I'm originally from that part of Dublin and I remember back in the 90's many people stopped using Ringsend or Irishtown as their address and instead just used Dublin 4.


----------



## thedaras

Blackrock ,Foxrock ,Dalkey are the "real D4s" the rest are "wannbe D4s"..

I hear a lot or country folk who move up to Dublin as students and acquire a D4 accent,there is even a page on facebook its called " you are a culchie why are you speaking with a D4 accent",

I read some time ago that parents aspire to have their children speak with a D4 accent as the accent itself denotes money  etc..go figure..

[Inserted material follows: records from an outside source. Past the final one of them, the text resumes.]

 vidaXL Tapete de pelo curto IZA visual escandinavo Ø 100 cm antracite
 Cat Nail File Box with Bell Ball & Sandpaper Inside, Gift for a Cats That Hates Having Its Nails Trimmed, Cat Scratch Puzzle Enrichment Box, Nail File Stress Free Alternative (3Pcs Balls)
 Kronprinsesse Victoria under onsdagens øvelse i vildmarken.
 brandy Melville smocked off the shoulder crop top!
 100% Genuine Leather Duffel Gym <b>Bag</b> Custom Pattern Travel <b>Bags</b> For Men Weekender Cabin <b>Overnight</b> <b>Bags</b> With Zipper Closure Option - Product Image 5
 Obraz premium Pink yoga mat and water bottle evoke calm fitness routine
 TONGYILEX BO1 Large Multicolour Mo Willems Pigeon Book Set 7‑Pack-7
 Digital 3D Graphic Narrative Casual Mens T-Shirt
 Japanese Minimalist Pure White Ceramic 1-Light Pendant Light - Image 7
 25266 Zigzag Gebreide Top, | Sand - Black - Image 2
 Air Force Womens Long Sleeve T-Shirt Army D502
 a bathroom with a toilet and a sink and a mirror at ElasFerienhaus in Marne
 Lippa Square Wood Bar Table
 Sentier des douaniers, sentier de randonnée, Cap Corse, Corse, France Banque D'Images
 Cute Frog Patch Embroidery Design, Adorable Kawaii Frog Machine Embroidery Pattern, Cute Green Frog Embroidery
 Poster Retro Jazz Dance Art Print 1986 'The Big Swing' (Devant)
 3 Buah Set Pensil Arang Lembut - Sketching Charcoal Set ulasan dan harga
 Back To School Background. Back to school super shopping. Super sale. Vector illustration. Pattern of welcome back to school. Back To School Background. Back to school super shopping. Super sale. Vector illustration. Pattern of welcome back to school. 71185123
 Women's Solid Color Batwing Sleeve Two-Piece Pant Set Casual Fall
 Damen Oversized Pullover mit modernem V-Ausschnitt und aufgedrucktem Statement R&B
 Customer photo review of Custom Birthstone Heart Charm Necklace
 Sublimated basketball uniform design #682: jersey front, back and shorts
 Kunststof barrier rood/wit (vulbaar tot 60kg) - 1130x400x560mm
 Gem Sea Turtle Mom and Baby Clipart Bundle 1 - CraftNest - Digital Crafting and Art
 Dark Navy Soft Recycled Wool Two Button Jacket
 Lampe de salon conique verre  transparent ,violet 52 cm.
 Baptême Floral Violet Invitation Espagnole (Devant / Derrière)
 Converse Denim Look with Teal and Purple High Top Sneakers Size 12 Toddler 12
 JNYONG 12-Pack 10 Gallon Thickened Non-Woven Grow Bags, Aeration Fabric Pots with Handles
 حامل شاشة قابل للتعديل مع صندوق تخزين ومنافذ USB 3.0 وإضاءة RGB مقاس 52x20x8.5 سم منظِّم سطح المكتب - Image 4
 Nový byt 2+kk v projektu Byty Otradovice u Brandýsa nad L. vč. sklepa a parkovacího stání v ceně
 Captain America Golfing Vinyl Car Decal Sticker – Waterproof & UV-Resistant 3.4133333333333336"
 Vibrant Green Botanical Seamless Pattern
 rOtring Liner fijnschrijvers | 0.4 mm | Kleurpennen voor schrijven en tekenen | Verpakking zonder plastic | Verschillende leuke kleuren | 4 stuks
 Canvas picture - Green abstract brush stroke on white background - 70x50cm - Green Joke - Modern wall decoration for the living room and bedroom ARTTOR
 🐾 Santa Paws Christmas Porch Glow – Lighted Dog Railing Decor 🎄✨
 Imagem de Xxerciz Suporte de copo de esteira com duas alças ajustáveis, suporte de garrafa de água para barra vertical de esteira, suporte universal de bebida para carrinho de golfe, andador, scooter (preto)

Personally I don't like extremes of either accent,and am more concerned about what the person has to say,their values etc than their accent..


----------



## TarfHead

thedaras said:


> I read some time ago that parents aspire to have their children speak with a D4 accent as the accent itself denotes money etc..go figure..


 
I actively discourage my children from a Dub pronounciation of certain words and vowel sounds, such as '_skew-ell_' for '_school_'.

Equally, I actively discourage them from repetition of '_right_' and '_like_' in their speech, and also rising inflection at the end of sentences.

The won the '_Daddy Lottery_' when they were born  !


----------



## Bill Struth

Caveat said:


> One word for you my friend:
> 
> Afallafellaffalarry


 I had to read that about 10 times to myself to understand what you meant!


----------



## pixiebean22

PaddyW said:


> I'd say Tahl-but Street. Always Gall-way though.
> 
> I'm from Kerry, and there's a place called Lixnaw.
> 
> I always say Lix-gnaw, whereas most pronouce it Lixsh-naahhh


 
Paddy, my brother's wife is from Lixsh-naahhh (and they now both live there) 

I say Lix-gnaw.


----------



## PaddyW

pixiebean22 said:


> Paddy, my brother's wife is from Lixsh-naahhh (and they now both live there)
> 
> I say Lix-gnaw.



Good on ya Pixiebean.. are you a North Kerry native yourself?


----------



## pixiebean22

TarfHead said:


> I understand that D4 is now an euphemism for a particular attitude or mindset, and not a reflection of the people from Ringsend and Irishtown.
> 
> That mindset is most prevalent in certain areas of the Southside, such as D6, D6W rolleyes, D14, D16, D18, and those suburbs along the coast that don't have a post code like Blackrock, Dalkey & Killiney.


 
You'd be right there tarfhead.  This is in line with D4 head dress code and general appearance (for girls over application of make up, hair that looks like you were dragged through a bush, either very little clothes or big baggy "boyfriend" tracksuit bottoms and a big baggy "boyfriend" vest and for boys rugby jersey of choice, strategically placed hair in much the same manner as the girl's hairstyle and dubes).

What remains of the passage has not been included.